**Assignment**
Repeat the entries exactly, and do not carry the pictures over.
########
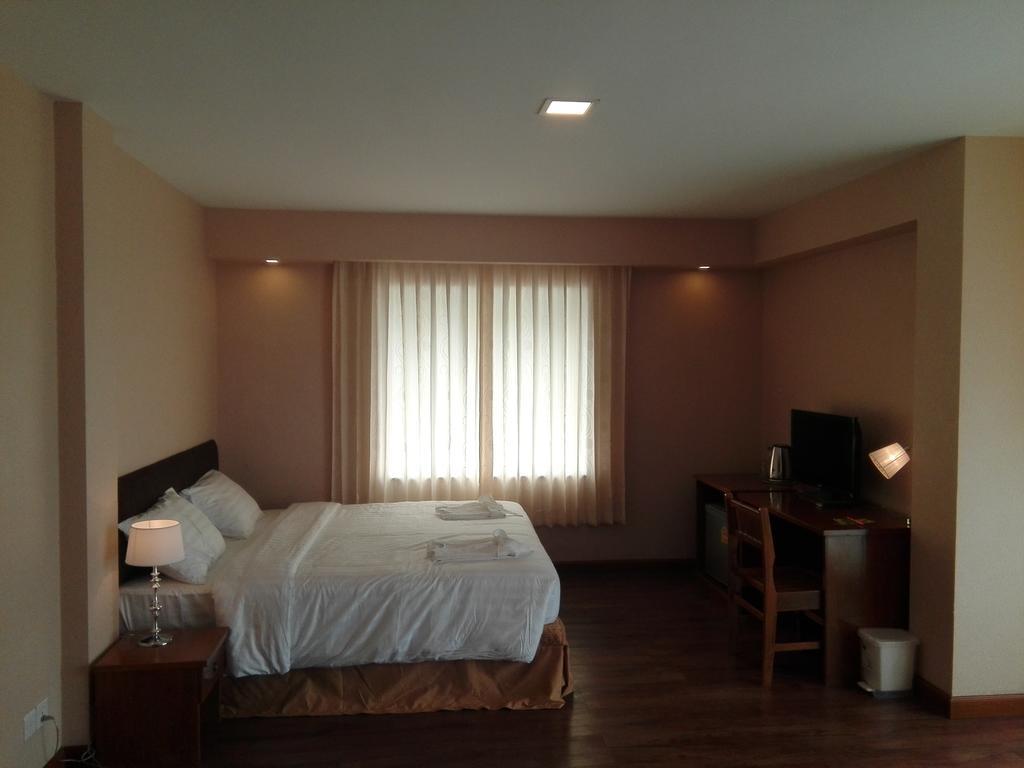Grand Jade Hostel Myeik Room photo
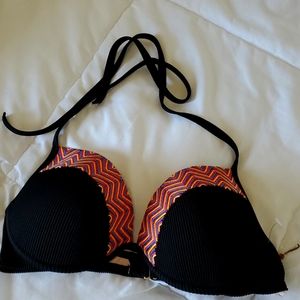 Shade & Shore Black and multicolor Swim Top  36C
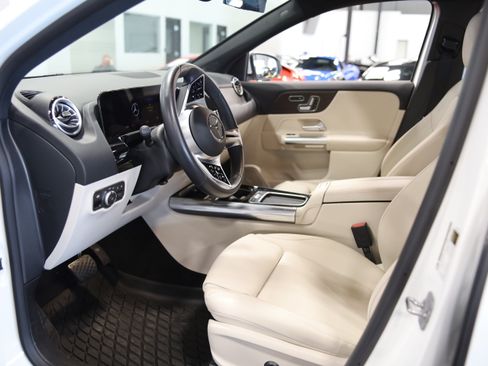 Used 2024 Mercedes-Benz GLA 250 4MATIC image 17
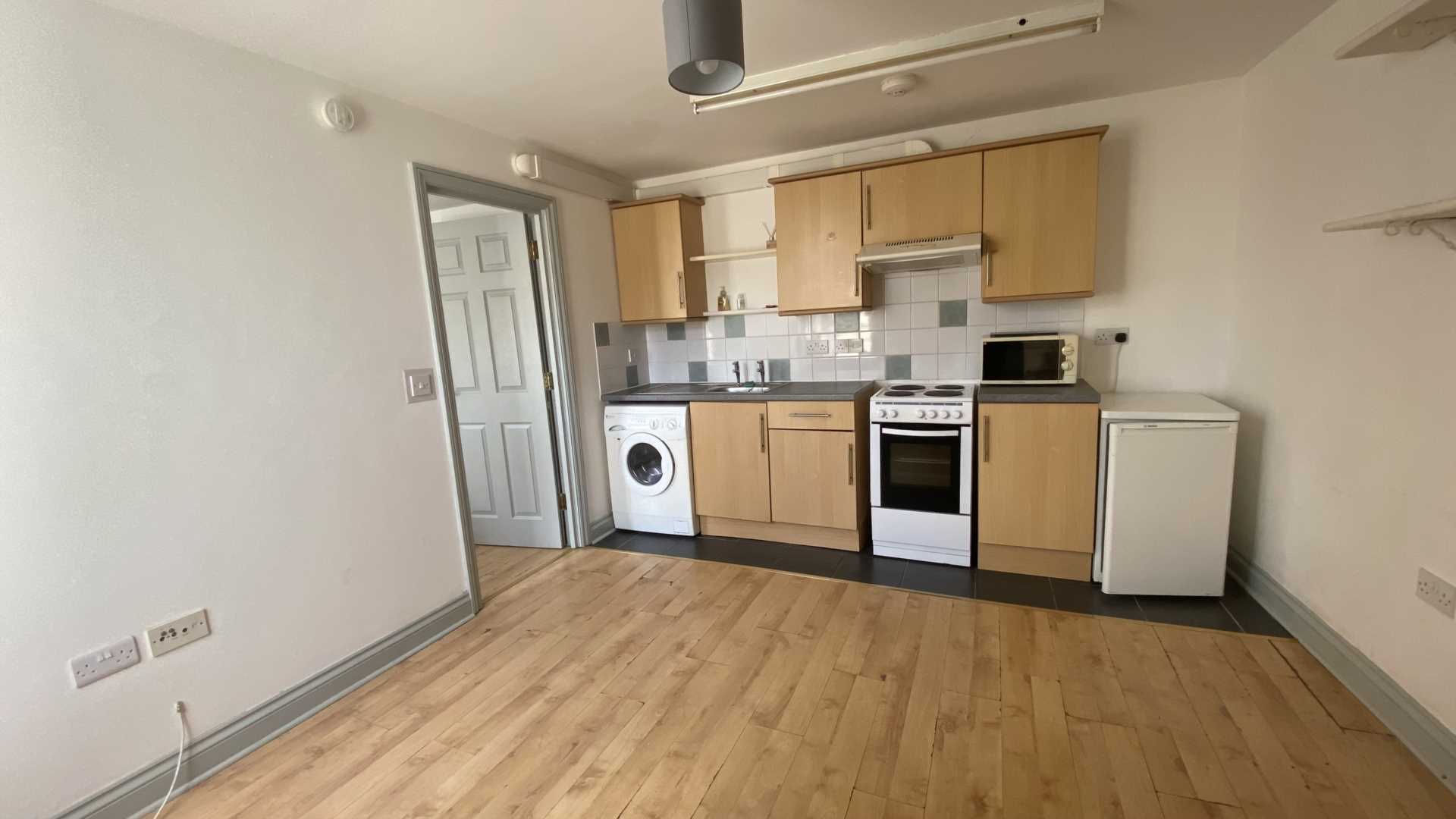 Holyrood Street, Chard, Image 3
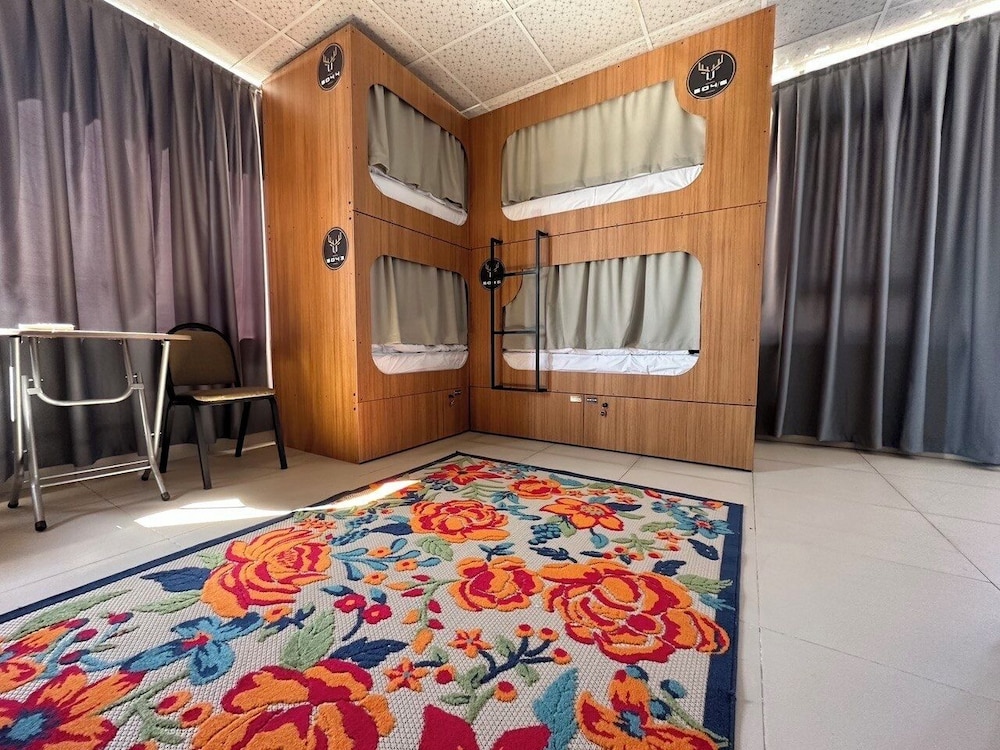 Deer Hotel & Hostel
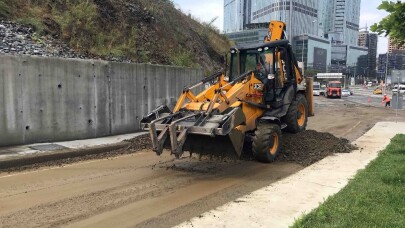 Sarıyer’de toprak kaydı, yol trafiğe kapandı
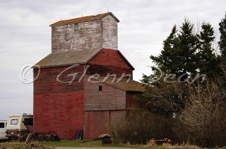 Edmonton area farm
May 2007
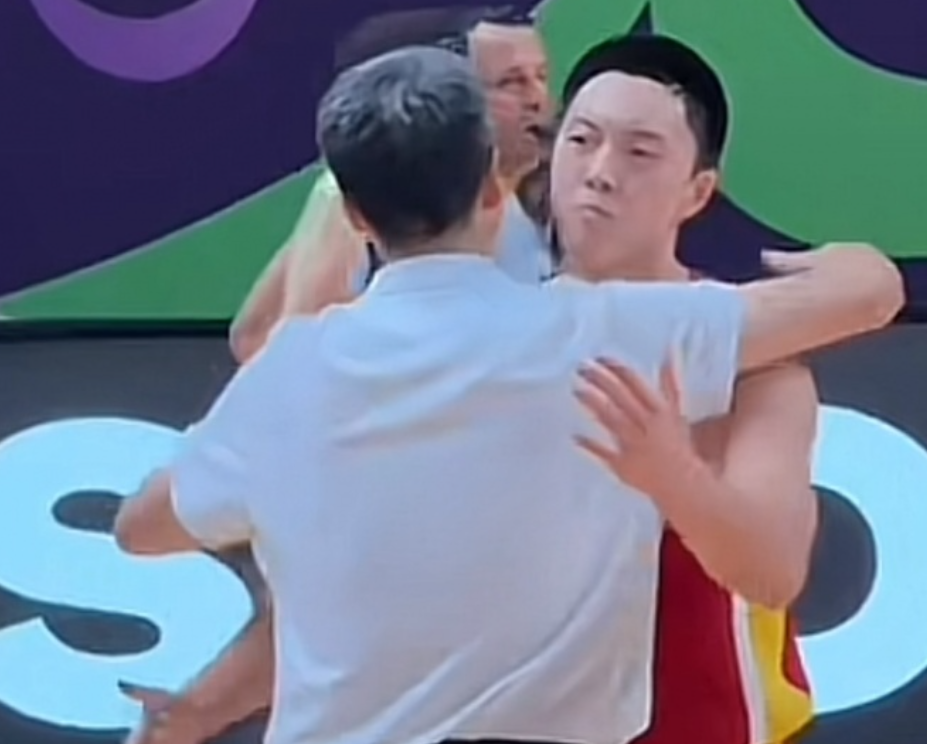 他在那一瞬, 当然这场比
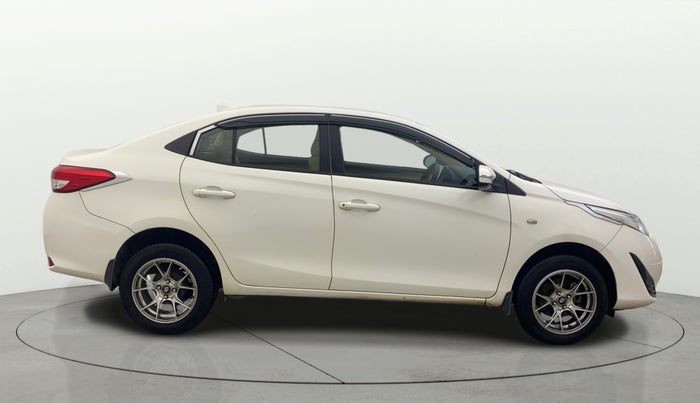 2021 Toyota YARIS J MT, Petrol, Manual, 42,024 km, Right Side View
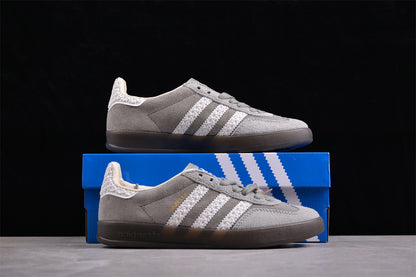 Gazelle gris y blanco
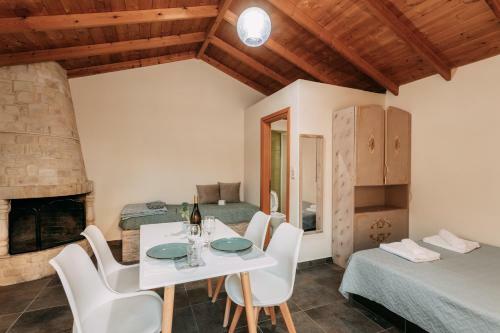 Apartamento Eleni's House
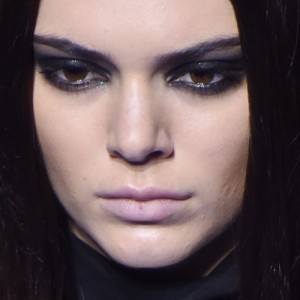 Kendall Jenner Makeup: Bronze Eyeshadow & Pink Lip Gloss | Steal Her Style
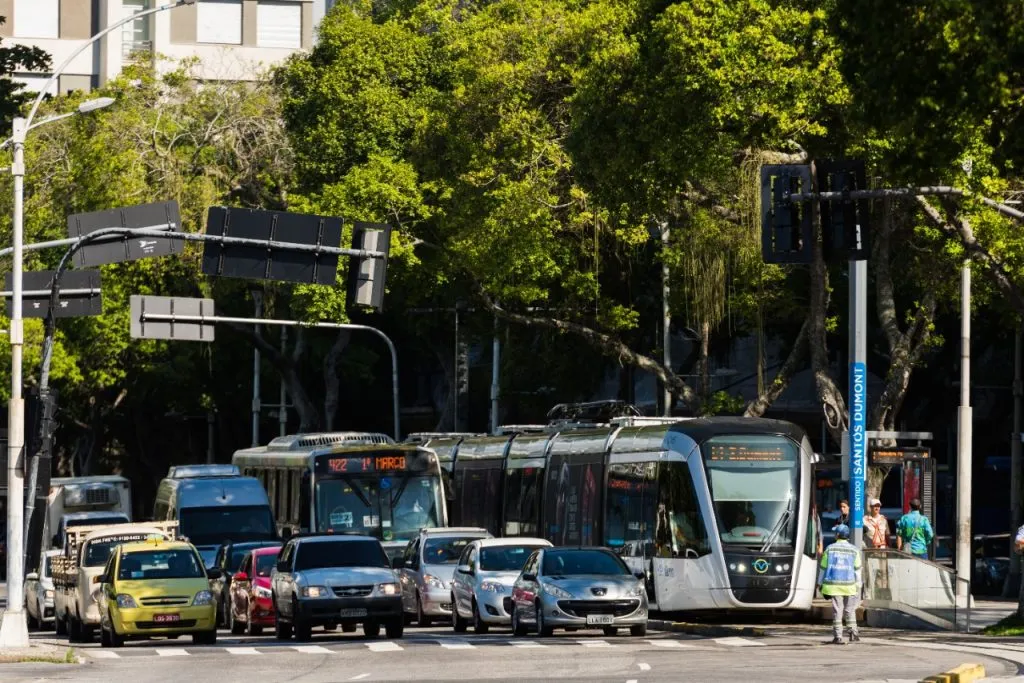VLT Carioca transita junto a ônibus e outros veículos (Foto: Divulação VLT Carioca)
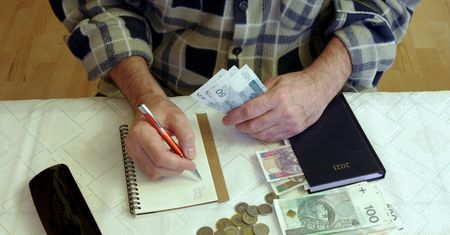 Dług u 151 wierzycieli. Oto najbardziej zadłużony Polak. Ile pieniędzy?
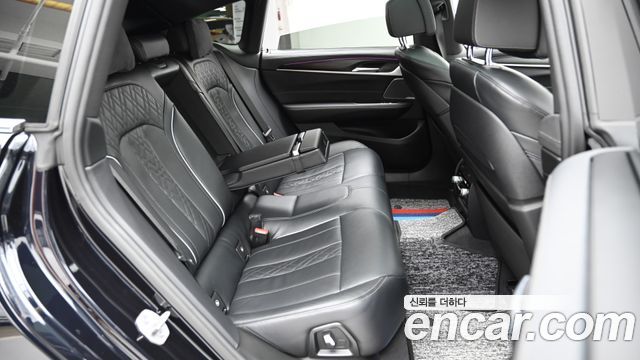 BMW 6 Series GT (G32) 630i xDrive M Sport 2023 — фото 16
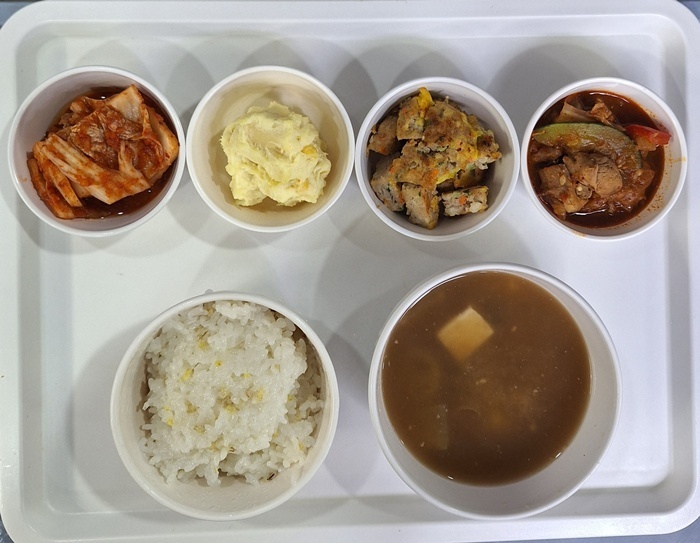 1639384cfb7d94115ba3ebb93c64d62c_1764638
########
**Task answer**
Grand Jade Hostel Myeik Room photo
 Shade & Shore Black and multicolor Swim Top  36C
 Used 2024 Mercedes-Benz GLA 250 4MATIC image 17
 Holyrood Street, Chard, Image 3
 Deer Hotel & Hostel
 Sarıyer’de toprak kaydı, yol trafiğe kapandı
 Edmonton area farm
May 2007
 他在那一瞬, 当然这场比
 2021 Toyota YARIS J MT, Petrol, Manual, 42,024 km, Right Side View
 Gazelle gris y blanco
 Apartamento Eleni's House
 Kendall Jenner Makeup: Bronze Eyeshadow & Pink Lip Gloss | Steal Her Style
VLT Carioca transita junto a ônibus e outros veículos (Foto: Divulação VLT Carioca)
 Dług u 151 wierzycieli. Oto najbardziej zadłużony Polak. Ile pieniędzy?
 BMW 6 Series GT (G32) 630i xDrive M Sport 2023 — фото 16
 1639384cfb7d94115ba3ebb93c64d62c_1764638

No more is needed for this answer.